Many people believe that online prediction is less efficient, both in terms of cost and performance, than batch prediction because processing predictions in batch is more efficient than processing predictions one by one. Huyen believes this is not necessarily true.
Part of the reason is that there's no need to generate predictions for users who are not visiting a site with online prediction. If only 2% of total users log in daily, and predictions are generated for every user each day, the compute used to generate 98% of those predictions will be wasted. The challenges of this stage will be in inference latency, setting up the streaming infrastructure and having high-quality embeddings.
Online prediction with complex streaming and batch features
Stage 3 in Huyen's evolutionary scale is an online prediction with complex streaming and batch features. Streaming features are features extracted from streaming data, often with stream processing, also called dynamic features or online features.

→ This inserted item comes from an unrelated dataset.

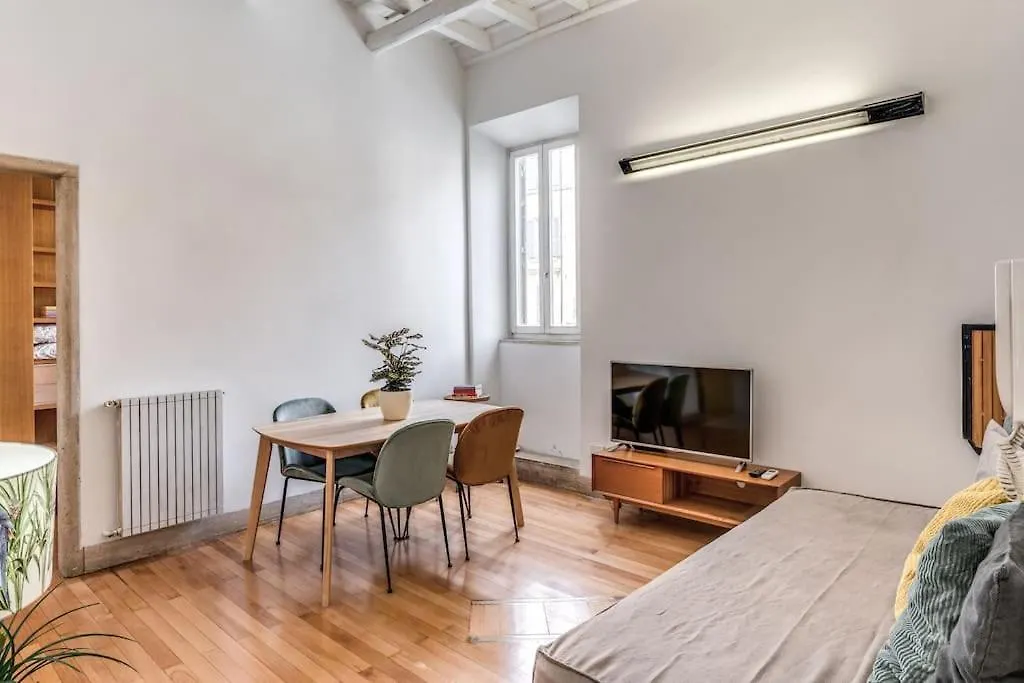 Trastevere At Piazza Giuditta Arcuati Suite Rome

If companies at Stage 2 require some stream processing, companies at Stage 3 use a lot more streaming features. For example, after a user puts in order on Doordash, they might need both batch features and streaming features to estimate the delivery time.
Batch features may include the mean preparation time of this restaurant in the past, while streaming features at this moment may include how many other orders they have and how many delivery people are available.
In the case of session-based recommendation discussed in Stage 2, instead of just using item embeddings to create session embedding, stream features such as the amount of time the user has spent on the site or the number of purchases an item has had in the last 24 hours may be used.
Examples of companies at this stage include Stripe, Uber, Faire for use cases like fraud detection, credit scoring, estimation for driving and delivery, and recommendations.
The number of stream features for each prediction can be in the hundreds, if not thousands. The stream feature extraction logic can require complex queries with join and aggregation along different dimensions. To extract these features requires efficient stream processing engines.
There are some important requirements in order to move machine learning workflows to this stage, as per Huyen. The first one is a mature streaming infrastructure with an efficient stream processing engine that can compute all the streaming features with acceptable latency. The second one is a feature store for managing materialized features and ensuring consistency of stream features during training and prediction.
The third one is a model store. A stream feature, after being created, needs to be validated. To ensure that a new feature actually helps with your model's performance, you want to add it to a model, which efficiently creates a new model, says Huyen. Ideally, a model store should help manage and evaluate models created with new streaming features, but model stores that also evaluate models don't exist yet, she notes.
Last but not least, a better development environment. Data scientists currently work off historical data even when they're creating streaming features, which makes it difficult to come up with and validate new streaming features.
What if we can give data scientists direct access to data streams so that they can quickly experiment and validate new stream features, Huyen asks. Instead of data scientists only having access to historical data, what if they can also access incoming streams of data from their notebooks?
That actually seems to be possible today, for example, with Flink and Kafka notebook integrations. Although we are not certain whether those meet what Huyen is envisioning, it's important to see the big picture here.
It's a complicated topic, and Huyen is laying out a path based on her experience with some of the most technologically advanced organizations. And we have not even touched upon Level 2 -- machine learning systems that incorporate new data and update in real-time.
However, to come full circle, if Huyen's experience is anything to go by, the gains may well justify the investment.